Michigan Tech University Senate considers new programs
The Michigan Technological University Senate elected new officers at its biweekly meeting Wednesday evening and discussed a nursing program that is being launched in September.
Robert Hutchinson, a professor in Tech’s College of Business, was elected senate president. Vice president will be Paige Short, associate director of operations in the office of the vice president for diversity and inclusion, and secretary is Radwin Askari, associate professor in the Department of Geological and Mining Engineering and Sciences.
Provost Andrew Storer gave the Senate a pat on the back for helping the university pull together the Bachelor of Science in Nursing (BSN) program quickly. The new program is designed to fill the gap left by the closing of Finlandia University and loss of its nursing program.
“I applaud the Senate for helping us put this together in record time,” Storer said. “Michigan Tech is part of the local community, and this is really an important thing for the local community.”
The four-year BSN program will address a critical need for baccalaureate-degree nurses locally and nationwide. It will also prepare students to go on to a graduate degree in nursing.
The curriculum integrates courses in the humanities, social, biological, and natural sciences with the theory and practice of nursing. The curriculum will remain essentially the same as it was while operated by Finlandia, with some minor changes to incorporate Michigan Tech’s existing, non-nursing courses and general education program.
Tech has applied for the necessary accreditation and licensure, hired faculty and enrolled Finlandia’s nursing students. Some Tech students have also expressed interest in changing their majors to nursing. Enrollment is expected to be 20 to 30 students.
The Senate will vote on the nursing program proposal at its next meeting on April 19. Resolutions are presented to the Senate for discussion at one meeting and voted on at the next meeting. The goal is to present the program to Michigan Tech’s Board of Trustees at its April 28 meeting.

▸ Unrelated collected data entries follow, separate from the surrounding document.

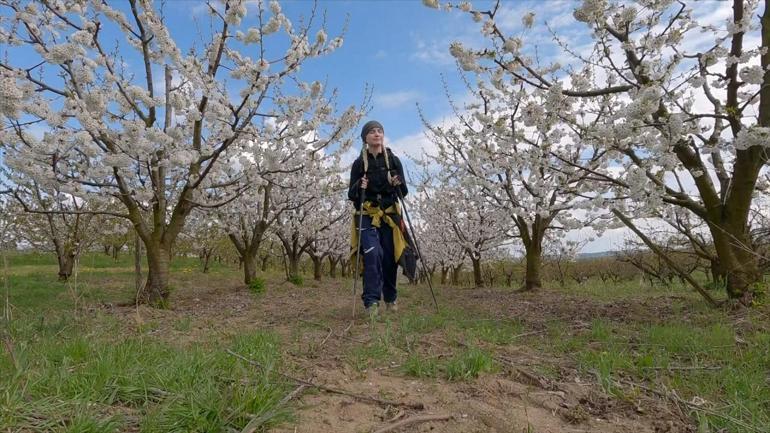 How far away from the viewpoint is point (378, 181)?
5551 millimetres

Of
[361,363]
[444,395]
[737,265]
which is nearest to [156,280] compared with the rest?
[361,363]

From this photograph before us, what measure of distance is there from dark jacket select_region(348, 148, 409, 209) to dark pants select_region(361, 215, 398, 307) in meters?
0.26

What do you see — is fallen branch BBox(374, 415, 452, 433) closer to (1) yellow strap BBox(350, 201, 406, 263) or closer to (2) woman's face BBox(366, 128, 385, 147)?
(1) yellow strap BBox(350, 201, 406, 263)

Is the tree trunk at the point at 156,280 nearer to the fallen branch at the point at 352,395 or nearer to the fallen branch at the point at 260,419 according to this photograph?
the fallen branch at the point at 352,395

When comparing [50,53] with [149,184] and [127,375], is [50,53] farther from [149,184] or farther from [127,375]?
[127,375]

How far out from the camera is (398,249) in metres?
5.45

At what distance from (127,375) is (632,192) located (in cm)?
456

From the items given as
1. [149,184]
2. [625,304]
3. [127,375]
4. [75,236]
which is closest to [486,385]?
[127,375]

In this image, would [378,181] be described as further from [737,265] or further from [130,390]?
[737,265]

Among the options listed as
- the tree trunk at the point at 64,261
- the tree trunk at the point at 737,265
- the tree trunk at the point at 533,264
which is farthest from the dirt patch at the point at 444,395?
the tree trunk at the point at 64,261

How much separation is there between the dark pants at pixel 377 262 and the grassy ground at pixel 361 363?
49 centimetres

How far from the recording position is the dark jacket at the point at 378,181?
5551 millimetres

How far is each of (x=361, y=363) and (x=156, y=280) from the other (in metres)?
4.74

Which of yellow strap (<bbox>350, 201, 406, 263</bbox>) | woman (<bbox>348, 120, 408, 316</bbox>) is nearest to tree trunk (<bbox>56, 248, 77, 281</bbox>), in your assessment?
yellow strap (<bbox>350, 201, 406, 263</bbox>) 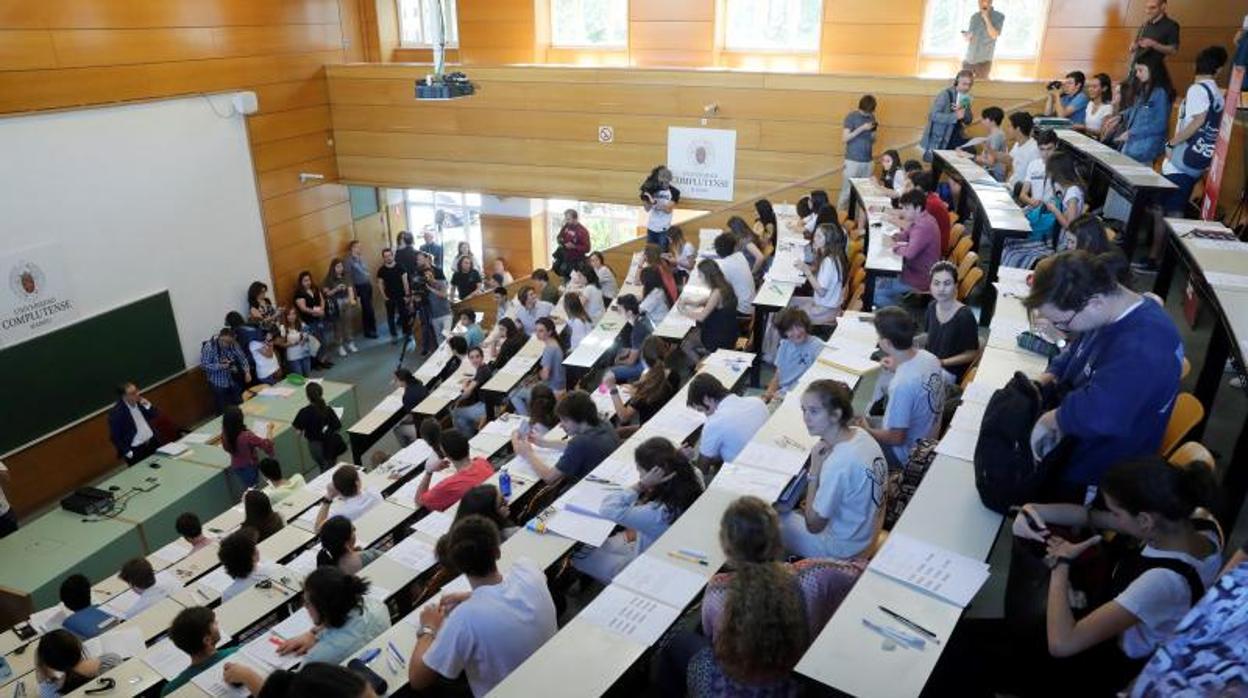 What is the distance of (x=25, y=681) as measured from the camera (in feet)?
15.3

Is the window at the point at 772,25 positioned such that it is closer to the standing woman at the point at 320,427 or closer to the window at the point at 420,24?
the window at the point at 420,24

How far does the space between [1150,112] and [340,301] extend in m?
10.2

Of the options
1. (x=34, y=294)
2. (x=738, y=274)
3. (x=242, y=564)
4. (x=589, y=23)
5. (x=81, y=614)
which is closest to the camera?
(x=242, y=564)

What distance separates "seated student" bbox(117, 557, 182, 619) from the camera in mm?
5020

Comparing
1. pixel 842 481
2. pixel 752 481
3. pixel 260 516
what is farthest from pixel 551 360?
pixel 842 481

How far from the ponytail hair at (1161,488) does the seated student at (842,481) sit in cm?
109

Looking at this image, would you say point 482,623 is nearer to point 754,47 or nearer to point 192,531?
point 192,531

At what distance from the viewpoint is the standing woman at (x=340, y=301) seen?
12.2 meters

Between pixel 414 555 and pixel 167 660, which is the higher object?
pixel 414 555

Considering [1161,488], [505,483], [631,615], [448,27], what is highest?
[448,27]

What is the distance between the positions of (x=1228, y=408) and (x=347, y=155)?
11.7m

Senators engaged in a spirited discussion of a proposal to revise the university’s educational requirements for a bachelor’s degree, changing the existing general education requirements to a program called essential education.
According to the proposal, essential education is intended to develop students who can lead inclusively, communicate with a wide range of audiences, learn collaboratively and use their technical skills with agility in addressing complex problems.
A number of teams have been working on developing the new program for four years, said Paul Bergstrom, chair of the Senate’s curricular policy committee.
Students will be expected to complete 37 credits in fields including English, humanities and fine arts, natural sciences and math.
One senator expressed a strong objection to what he called the new curriculum’s focus on diversity and inclusion.
After a long and sometimes heated discussion, the Senate approved the essential education proposal. They also approved a proposal for a Bachelor of Science degree in data science, as well as proposals to update and amend their bylaws and the university senate constitution.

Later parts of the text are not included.